**The problem:** In the listing below, locate the line with "be quiet! Dark Rock Pro 5, CPU-Kühler" and the line with "Standard-huone, Doubletree By", then output both and everything between them exactly, minus any pictures.

**Material supplied:**
::::::::

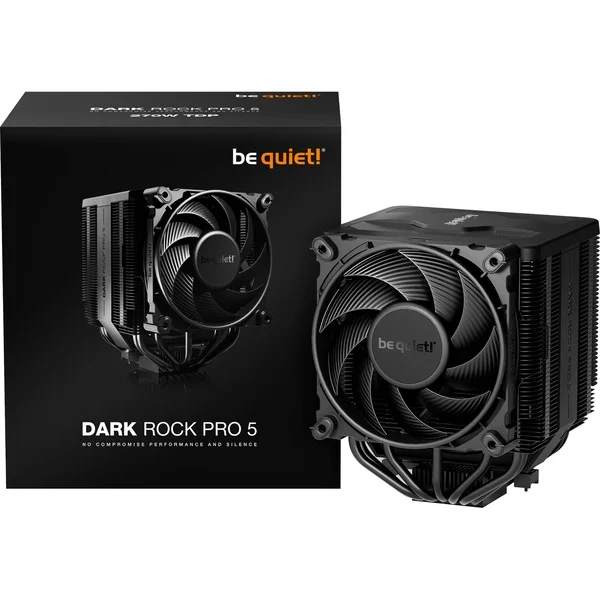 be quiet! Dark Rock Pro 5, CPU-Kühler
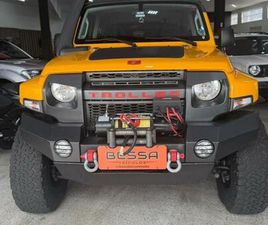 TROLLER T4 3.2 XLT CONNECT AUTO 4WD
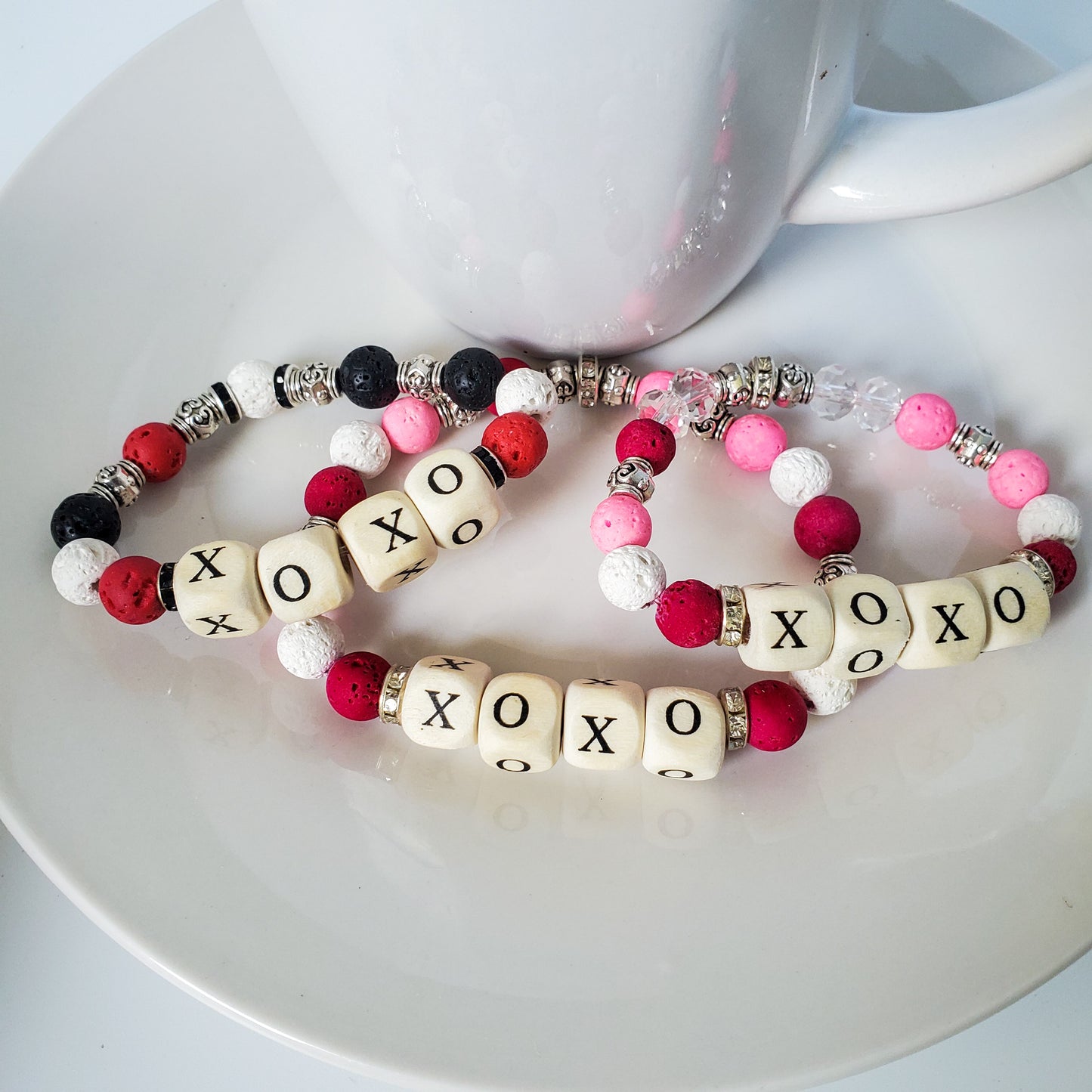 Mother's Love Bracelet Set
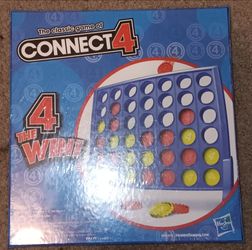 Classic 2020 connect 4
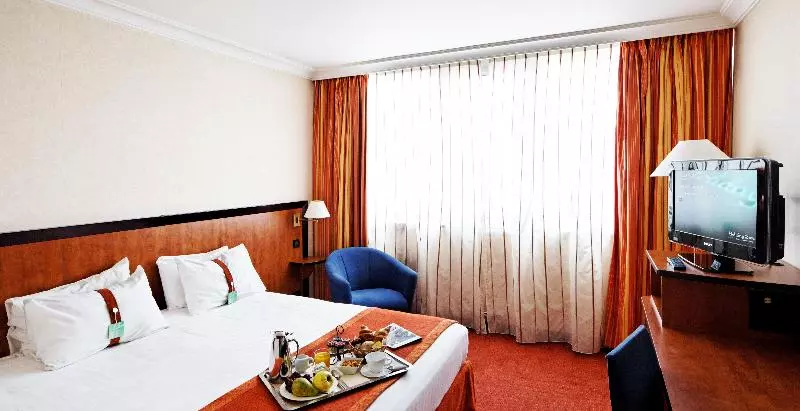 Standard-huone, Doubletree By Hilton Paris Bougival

::::::::

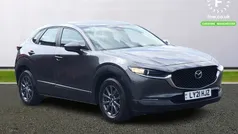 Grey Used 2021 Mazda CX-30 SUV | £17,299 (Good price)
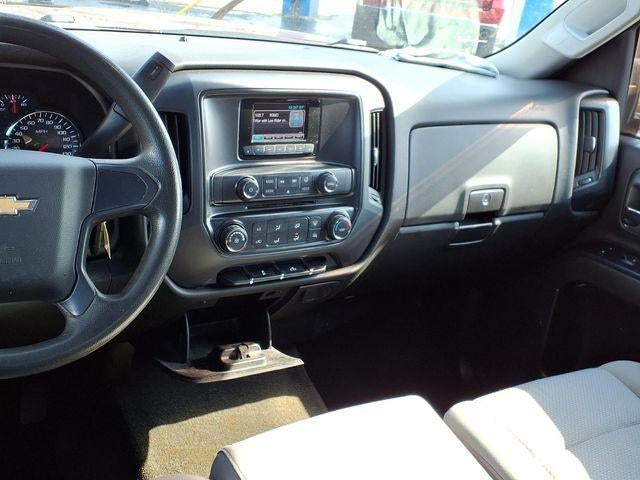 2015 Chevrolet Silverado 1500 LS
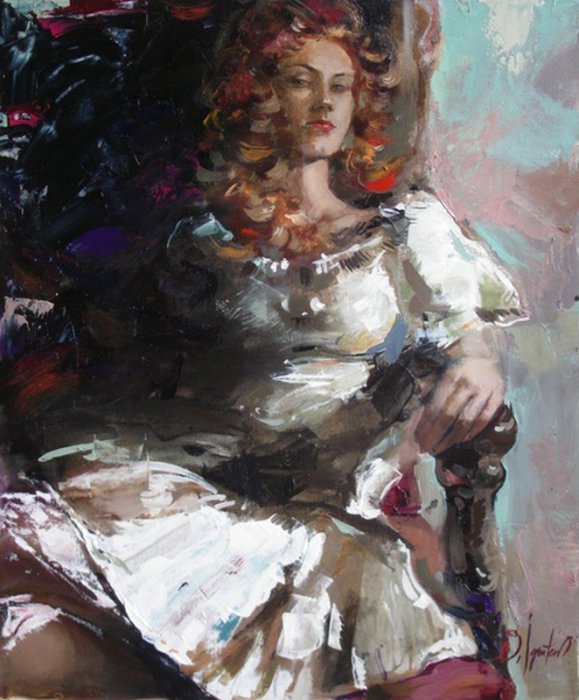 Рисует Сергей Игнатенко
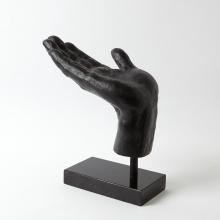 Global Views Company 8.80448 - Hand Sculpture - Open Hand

::::::::

**Solution to this problem:**
 be quiet! Dark Rock Pro 5, CPU-Kühler
 TROLLER T4 3.2 XLT CONNECT AUTO 4WD
 Mother's Love Bracelet Set
 Classic 2020 connect 4
 Standard-huone, Doubletree By Hilton Paris Bougival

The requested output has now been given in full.